NASA is promising a spectacular show of rocket power on Saturday, January 15, and you can watch it live online.
The space agency will perform the first four-engine hot fire test of its Space Launch System (SLS) rocket that will launch the first woman and next man to the moon by the end of the decade.
The hot fire will mark the eighth and final part of NASA’s Green Run, a series of demanding tests to ensure the next-generation rocket is ready for space missions. Earlier Green Run tests evaluated, for example, the rocket’s avionics systems, propulsion systems, and hydraulic systems.
Taking place at the agency’s Stennis Space Center near Bay St. Louis, Mississippi, Saturday’s test will focus on the rocket’s core stage, which includes the liquid hydrogen tank and liquid oxygen tank, four RS-25 engines, and the computers, electronics, and avionics that serve as the “brains” of the rocket.

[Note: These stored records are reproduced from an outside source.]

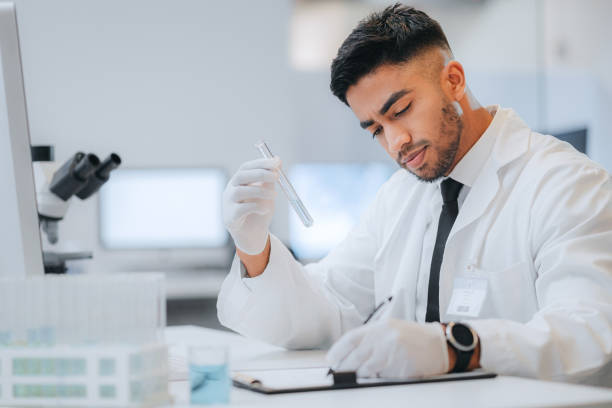 istock Lab, test tube and scientist man writing research documents report on sample, analysis and testing info. Medical male researcher, laboratory worker and chemist chemical drug experiment data results. 1429038682
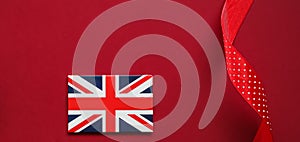 Union Jack flag of Great Britain  on red background, Queen's Platinum Jubilee and holiday celebration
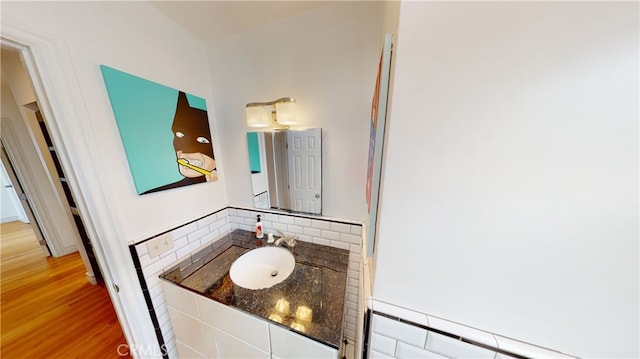 bathroom with backsplash, vanity, and wood finished floors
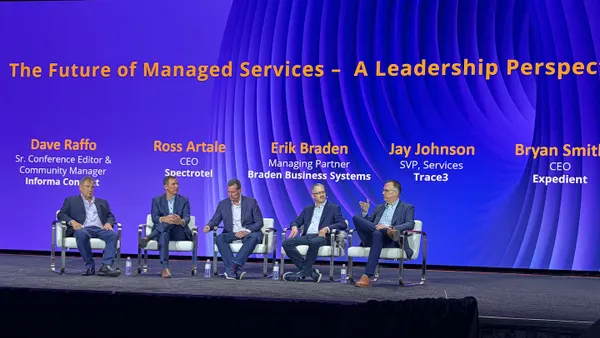 Five executives seated on stage during a panel discussion at the Channel Partners Conference and Expo in Las Vegas in April 2026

NASA said engineers will “power up all the core stage systems, load more than 700,000 gallons of cryogenic, or super-cold, propellant into the tanks, and fire all four engines at the same time to simulate the stage’s operation during launch, generating 1.6 million pounds of thrust.”

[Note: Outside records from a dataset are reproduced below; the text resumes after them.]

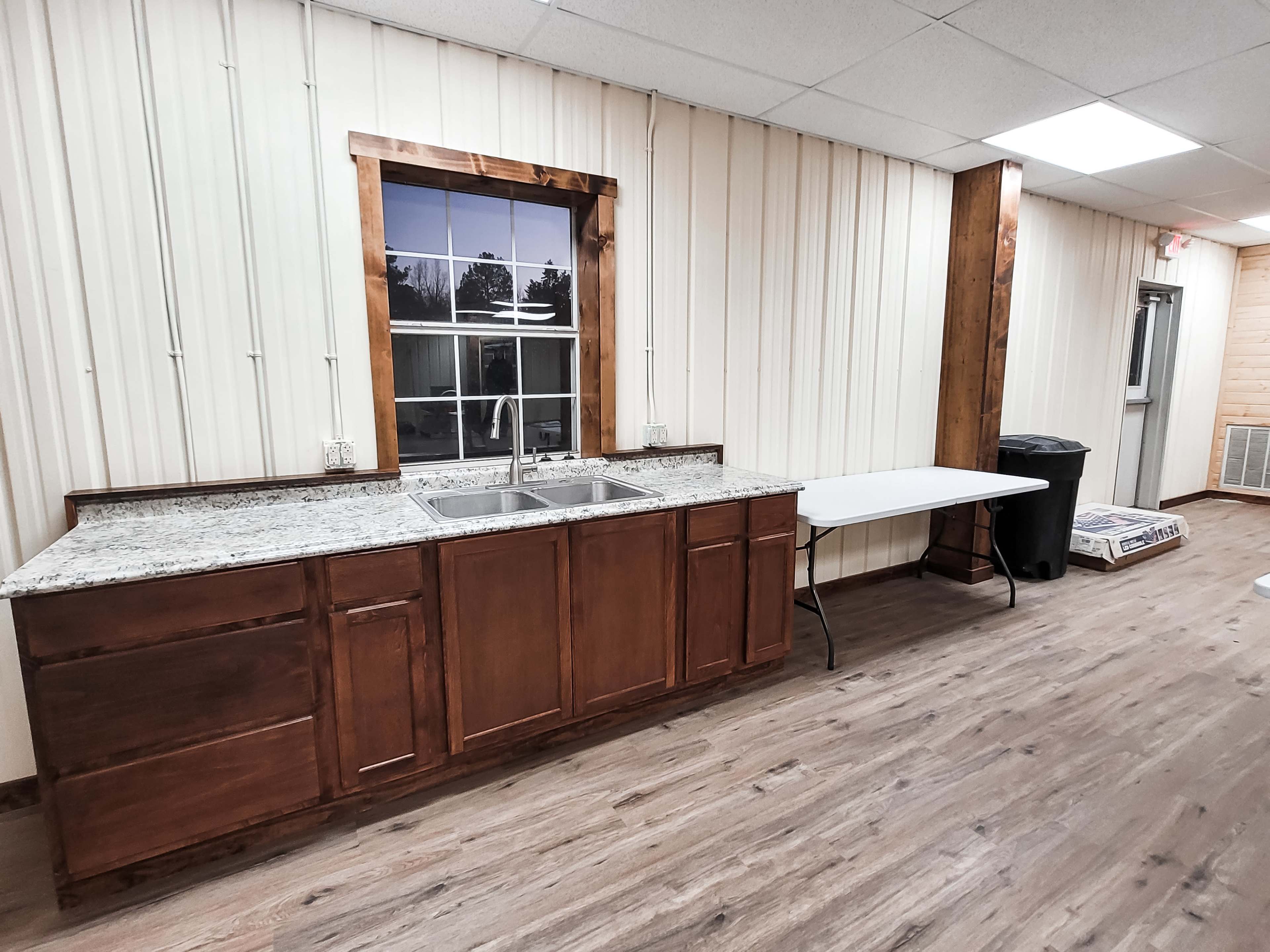 The image features a kitchen area with a wooden cabinet and granite countertop, a double sink beneath a window, and a white folding table next to a trash can.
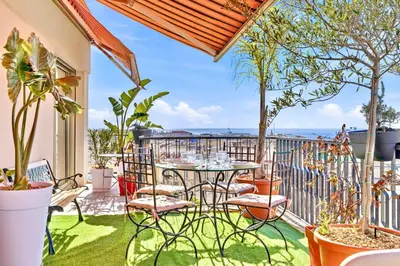 a living room with a blue couch and a table at Septieme Ciel - Exceptionnel Appartement vue Mer in Cannes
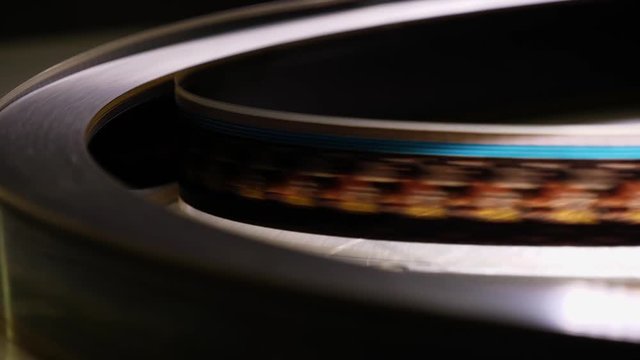 Close up of a moving 35mm film stripe in a movie theater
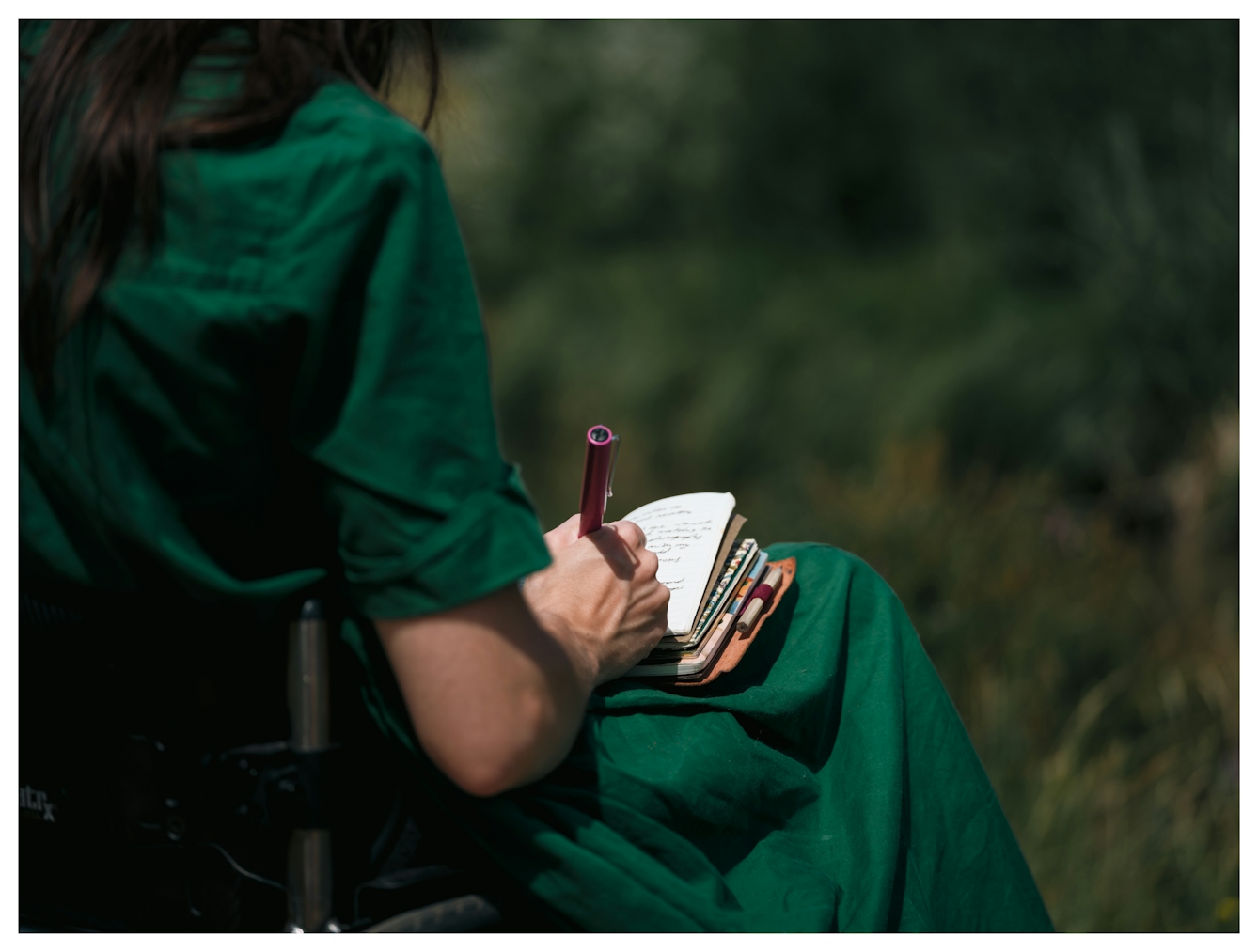 A close-up, over the shoulder view of a woman writing in a notebook resting on her lap.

We’ve already witnessed the awesome power of just one of those four engines during an earlier test, so expect something pretty spectacular on Saturday.
If the hot fire goes according to plan, NASA will turn its attention to its highly anticipated crewless Artemis I mission that will see the SLS launch the Orion space capsule on a fly-by of the moon before returning to Earth, a mission currently slated for November 2021. After that, Artemis II will send four astronauts on a fly-by of the moon, with Artemis III following up with a crewed lunar landing — the first since 1972.
NASA is currently targeting a two-hour window for the SLS rocket test, starting at 2 p.m. PT on Saturday, January 16. Live coverage of the event will begin at 1:20 p.m. PT on NASA TV, a link to which we’ve embedded at the top of this page. You can also hit this link for the same feed on NASA’s website. Around two hours after the event, the space agency will also broadcast a post-test briefing, so be sure to stick around for that if you want to get all the details on how the test went.